Avatar joins such films as Stars Wars, Pocahontas, and The Lion King in its pantheistic celebration of the natural world.
Behold “the Gospel According to James,” said Ross Douthat in The New York Times. That’s James as in Cameron, the director of this season’s Hollywood blockbuster, Avatar, which has already grossed more than $1 billion worldwide. Cameron’s gospel, however, is anything but Christian. Avatar is a “long apologia for pantheism—a faith that equates God with Nature and calls humanity into religious communion with the natural world.” It’s set on the planet Pandora, whose native race, the Na’vi, is “threatened by rapacious human invaders” seeking to exploit Pandora’s natural resources. The Na’vi are saved by their faith in something akin to Mother Nature—“described variously as a network of energy and the sum total of every living thing.” This sort of gooey pantheism “has been Hollywood’s preferred religion” for years, permeating such films as Stars Wars (remember “the Force”?) and Disney animated cartoons such as Pocahontas and The Lion King.
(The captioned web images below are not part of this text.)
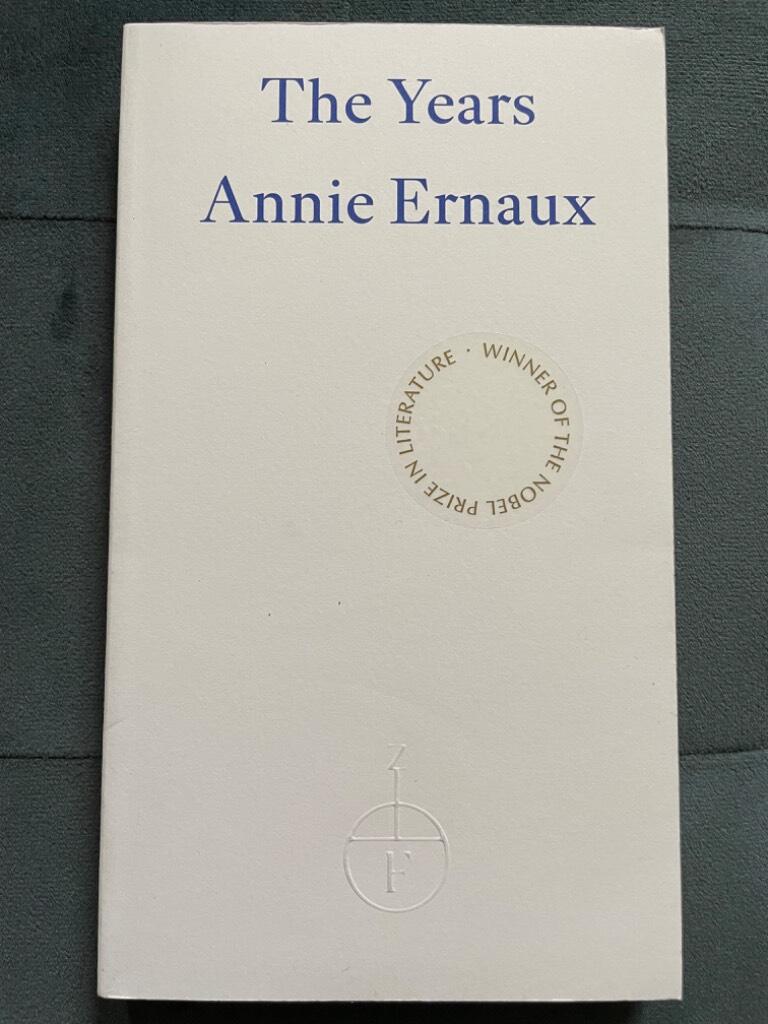 Annie Ernaux : The Years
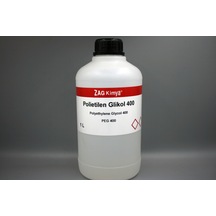 Zag Kimya Polietilenglikol (Peg) 400 Chem Pure 1 L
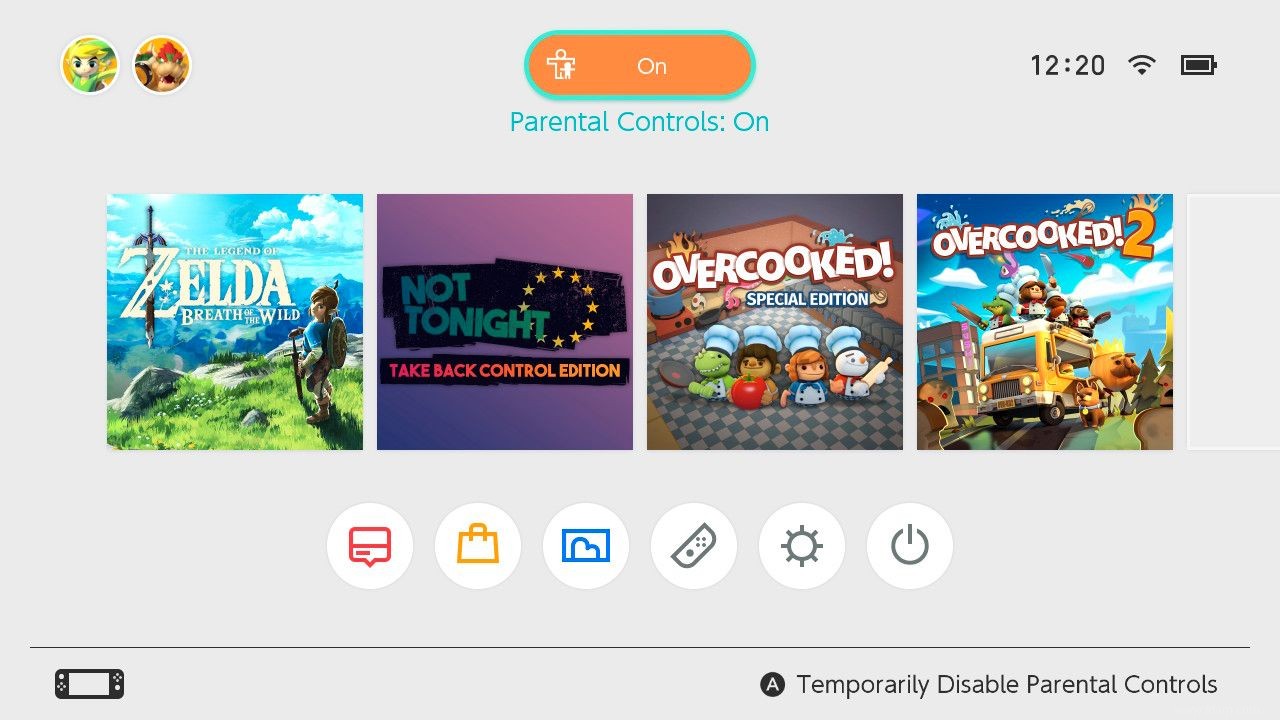 Comment configurer et utiliser le contrôle parental sur Nintendo Switch 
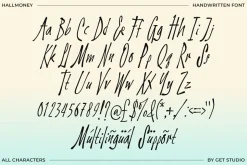 Aloniah - Handwritten Font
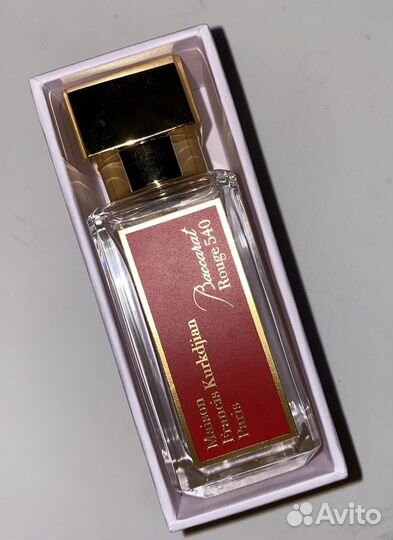 Духи baccarat rouge 540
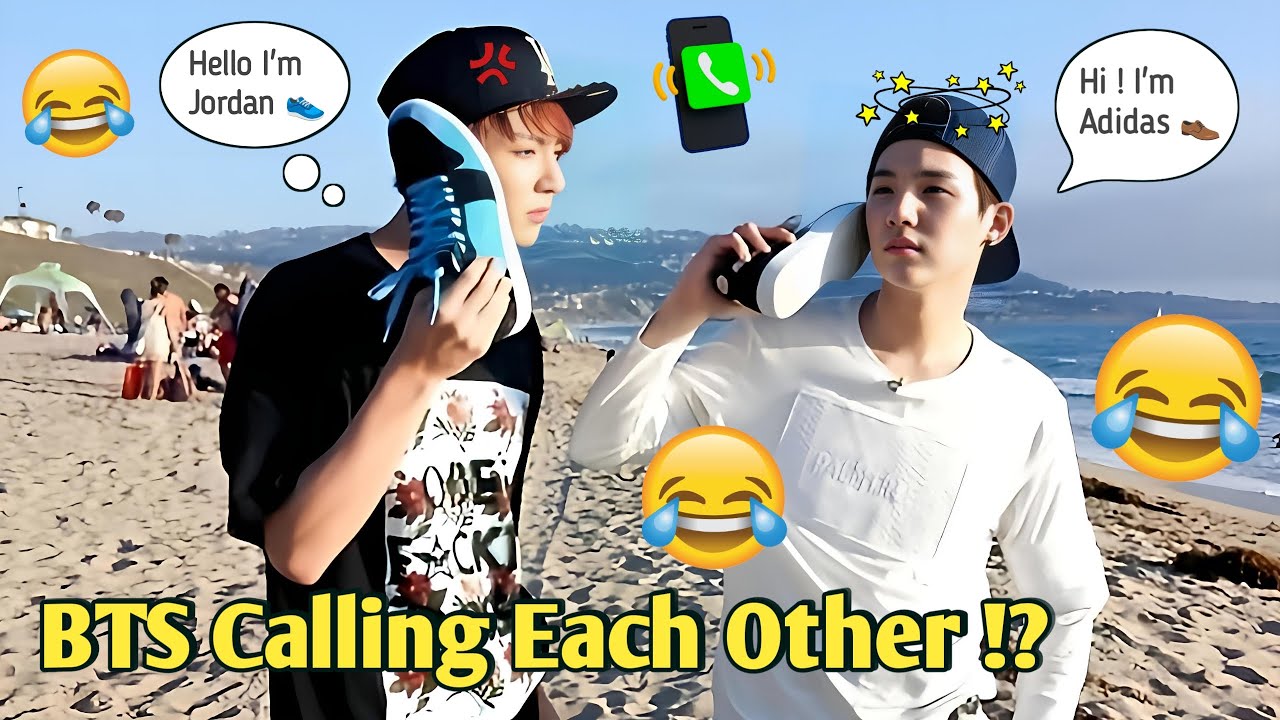 BTS Phone Call Moments That Will Make You Laugh 😂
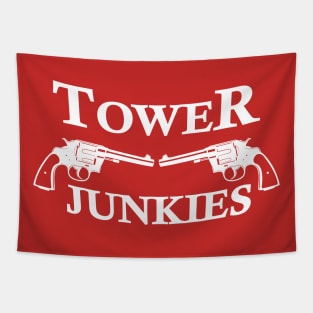 Tower Junkies Podcast-No Tagline - ObsessiveViewer.com Tapestry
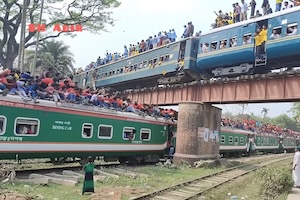 【動画】バングラデシュの鉄道旅、とんでもなく楽しそう。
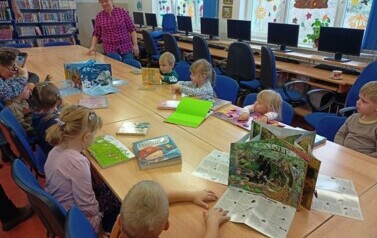 Krasnoludki w bibliotece 2024 22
But pantheism is antithetical to Christianity, turning man into just another animal and replacing the promise of personal salvation with an unsatisfying mysticism.
Sure, Avatar is pantheistic, said Gus di Zerega in Beliefnet.com, and “wonderfully so.” Its message is that “completeness is achieved in connection with others, that harmony is the basic value and its loss the basic failing of the modern mentality.” That’s far better than believing in a vengeful God who stands apart from nature and man, crushing all those who fail to bow to him. What this world needs is more pantheists, and fewer religious fanatics and “narcissistic armchair warriors eager to see others fight in endless wars.”
Nice summary of the film’s anti-American message, said Martha Bayles in The Boston Globe. “The corporation ravaging Pandora is clearly American,” and the human aggressors might as well be reciting the Bush Doctrine as they drop incendiary bombs on the innocent, tree-hugging Na’vi. Ah, but when this conservative took her teenage son to the film, said Suzanne Fields in Realclearpolitics.com, neither of us cared about the silly plot. The movie is “breathtakingly beautiful” and entertaining as hell, with astonishing flora and fauna blossoming “in a gorgeous electrified Eden” filled with astonishingly realistic creatures. Besides, who else but an American could spend $400 million making a heavily computerized movie that condemns modernity and capitalism?